As you read this issue, please observe the nomination form for the annual 40 Leaders Under Forty on page 48. I also ask you to take note of the young folks with whom you come in contact regularly. Think about their contributions—not just to your business, but to the community as well.

Were it not for them, this area wouldn’t be what it is. And without them, it won’t be even better in the future. Young leadership is easy to find in our communities and it’s quite likely someone you know deserves to be among the nominees for this award.

This is the 13th year we’ve requested your help in singling out the outstanding young leaders of our communities. If my math is correct, that means we now can have many former honorees nominating those who’ll follow them. That’s a healthy situation—if you take the “glass-half-full” view, it means we’re retaining our top talent and nurturing the next generation.

Experts say retaining talent is something communities often overlook. (I’d reiterate my contention that communities also don’t spend enough time retaining older talent, but that’s another issue.) They say much of the time and effort spent attracting young professionals should be spent keeping those you have.

I’d like to think that 40 Leaders Under Forty is a step in that direction. But it’s not just the program itself, it’s people like you who recognize talent and take steps to help others recognize it, too.
40 Leaders Under Forty predates those people (most of whom are Generation Xers) who tell us we need to recast our cities to avoid becoming retirement communities. While there’s certainly some foundation to what they say, life isn’t as black and white as many of them picture it. I’m certainly not under 40 (and neither are many in the upper limits of Generation X), but I enjoy the coffee shops, parks, outside dining opportunities, etc., we’re told we must have to keep young talent from leaving.

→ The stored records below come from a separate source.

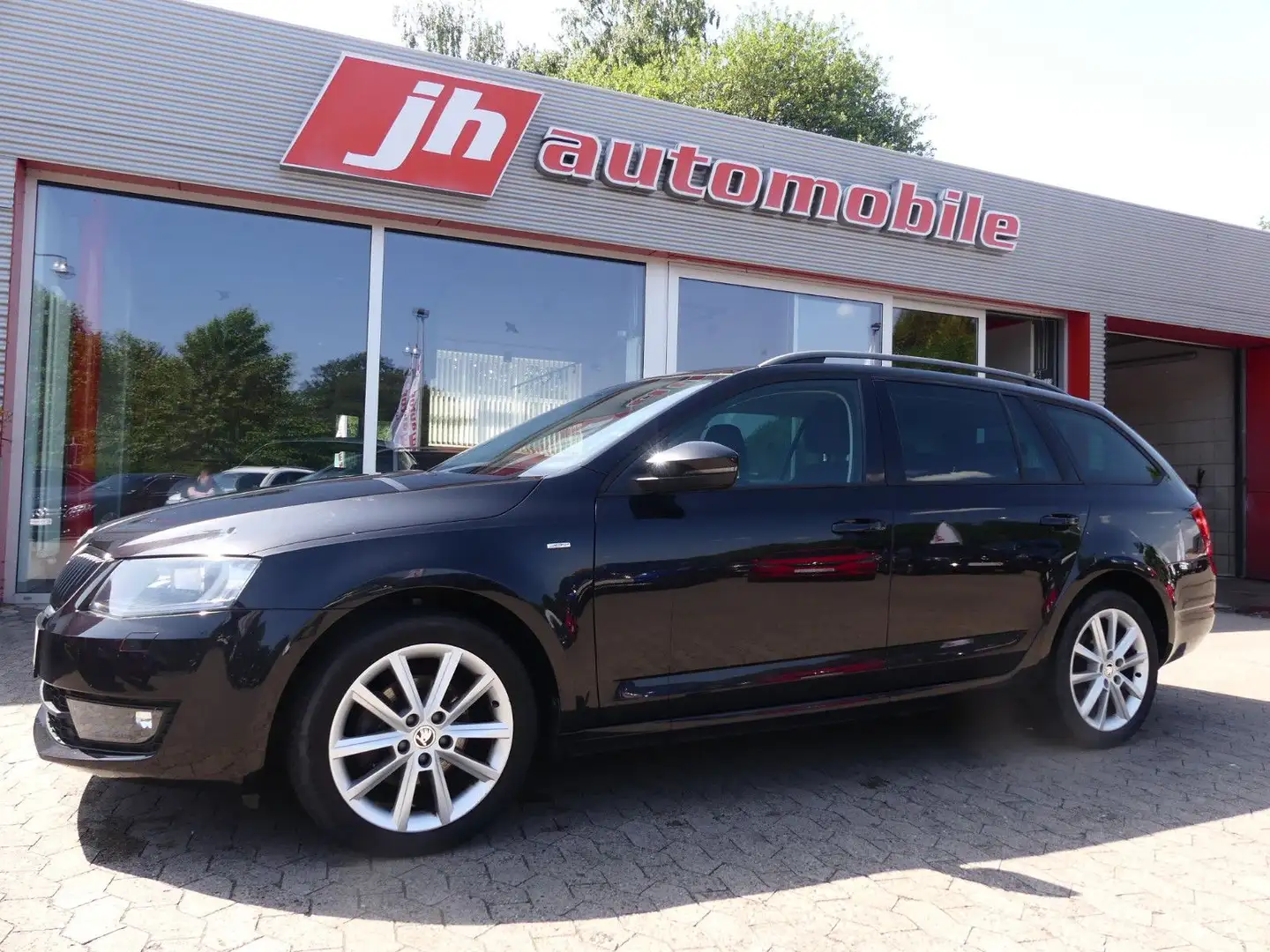 Skoda Octavia Combi Joy DSG Navi*SHZ*AHK*LED Black - 2
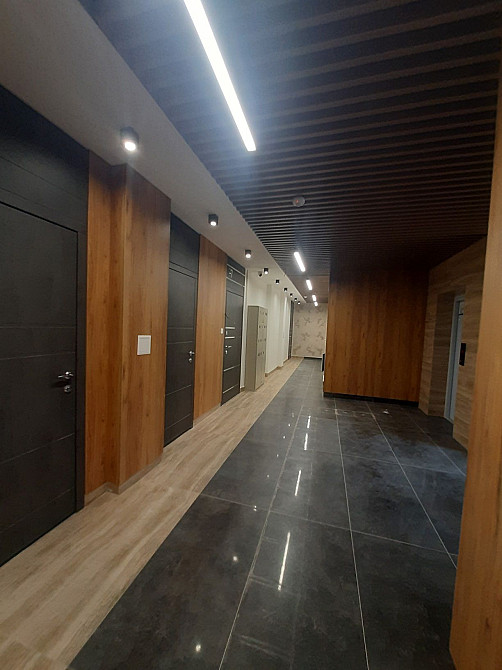 Ексклюзивна 1-кімнатна квартира бізнес-класу з терасою в ЖК "AUROOM FO Винники - изображение 8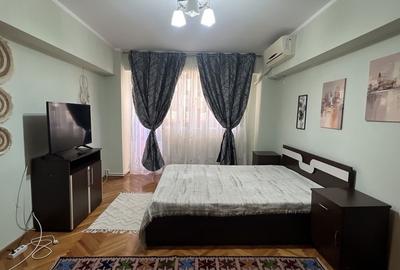 Garsonieră decomandată în Barieră - 13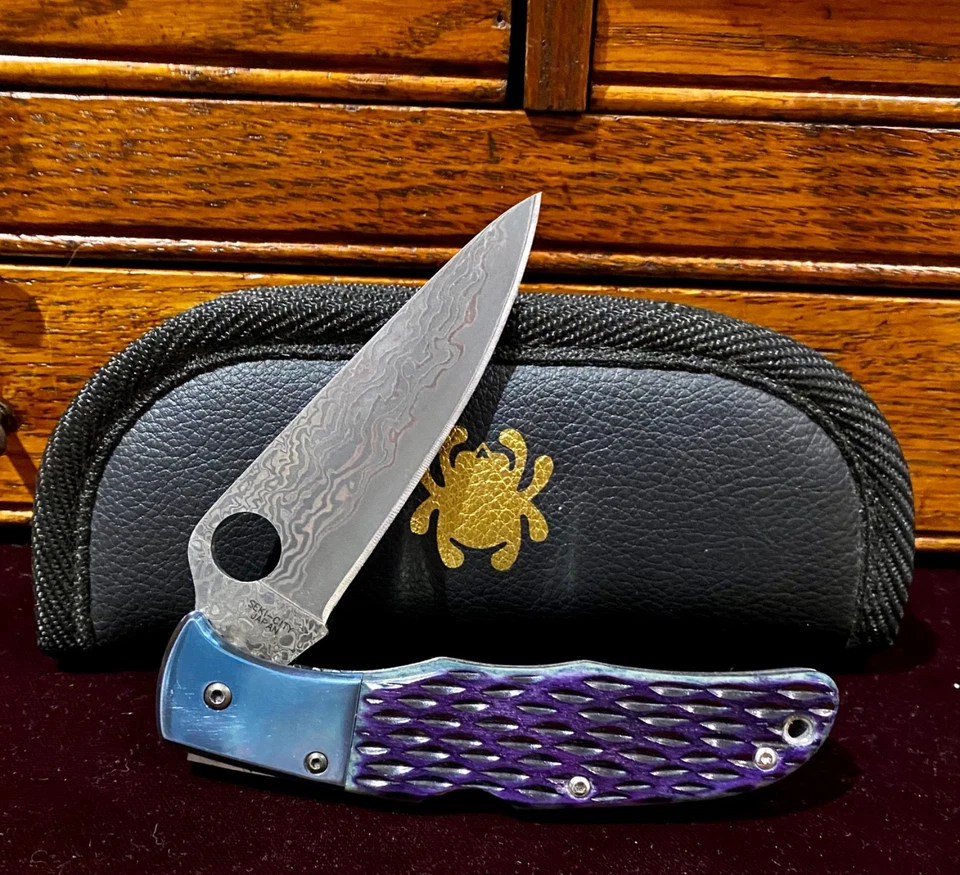 Carpeta de hueso Spyderco SPRINT RUN Endura Damasco azul jigged Foto 2 de 3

In genealogical terms, I remember a generation being 25 years. Maybe it’s shortened these days with the technological differences just a few years can make. Oh, I know it’s tough to think of someone 10-or-so years younger than you as the “next generation,” but it’s a different era now. iPods, wireless broadband in every room of the house—all relatively recent. Guess you don’t have to be old to feel old the way technology moves along.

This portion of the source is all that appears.